Law Firms And The No-Longer 'New' Normal: Insights On 7 Key Subjects

The fate of the billable hour, how small firms can compete with large ones, the evil of profits per partner, and more.

Thank you to everyone who joined us for our great event in Chicago last week, a discussion entitled “Law Firms and the No-Longer ‘New’ Normal.” Turnout was strong, despite the cold weather, and the panel discussion was spirited, insightful, and surprisingly entertaining. We look forward to a similarly successful event in Dallas next week (to which y’all are cordially invited).

Our Chicago event featured the following panelists:

Here are the main topics that they tackled:

1. How can we categorize the different types of large law firms out there?

Bruce MacEwen fielded this question based on his latest book, A New Taxonomy: The 7 Law Firm Business Models. The book grew out of his dissatisfaction with the commonly held misconception of Am Law 100 law firms as a homogeneous group. As it turns out, there’s a rapidly increasing dispersion of performance.
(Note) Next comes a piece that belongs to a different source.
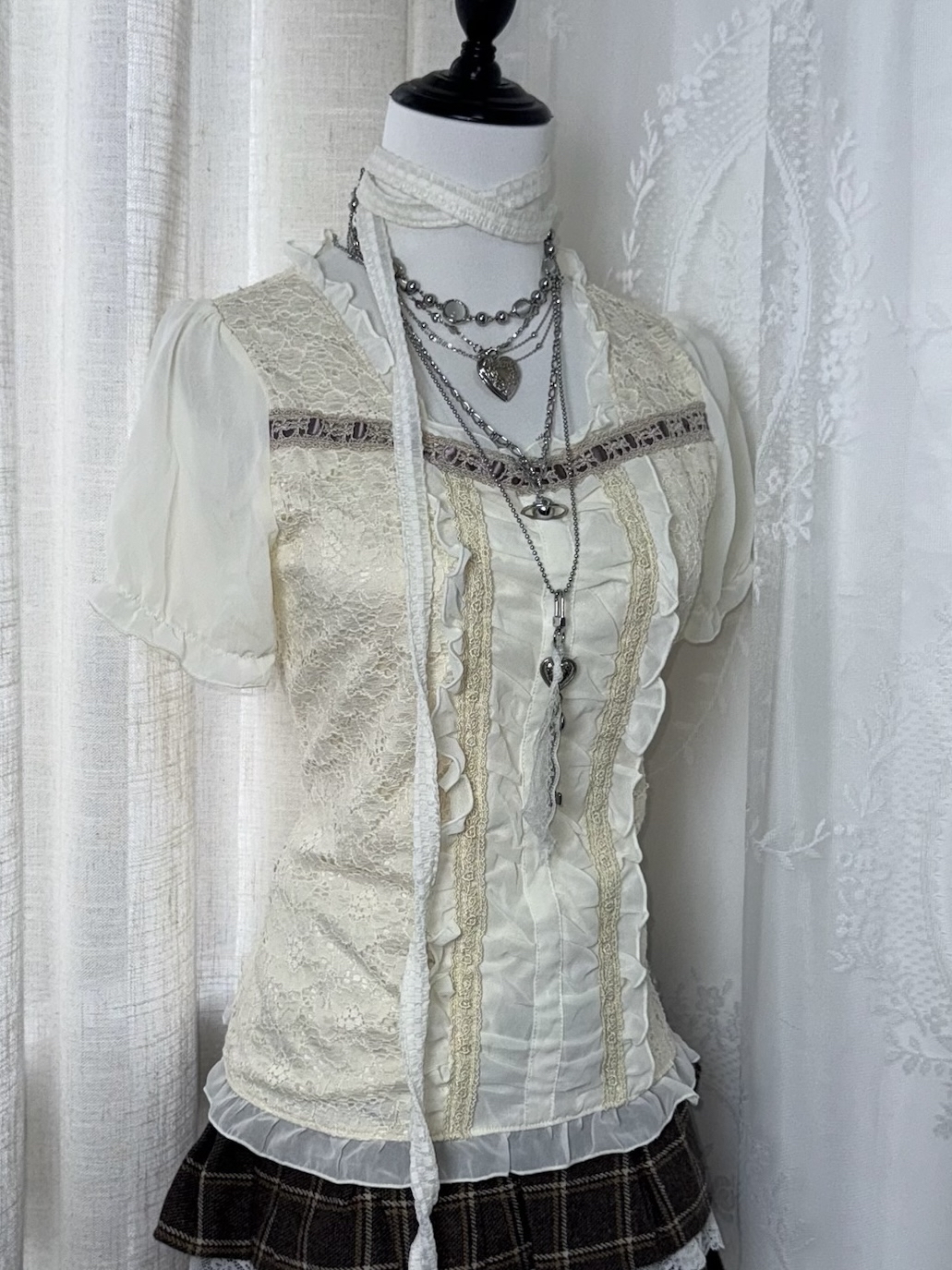Axes Femme Creamy Cake Lace Top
As MacEwen put it, “Fifteen to 20 percent of firms are shooting the lights out, and everyone else is treading water or, adjusted for inflation or headcount growth, losing ground.”

In A New Taxonomy, MacEwen divides up the Biglaw world into seven types of firms, including global players, traditional boutiques, “kings of their hill,” and the dreaded “hollow middle” — generic firms, a destination for nothing in particular, and therefore not long for this world.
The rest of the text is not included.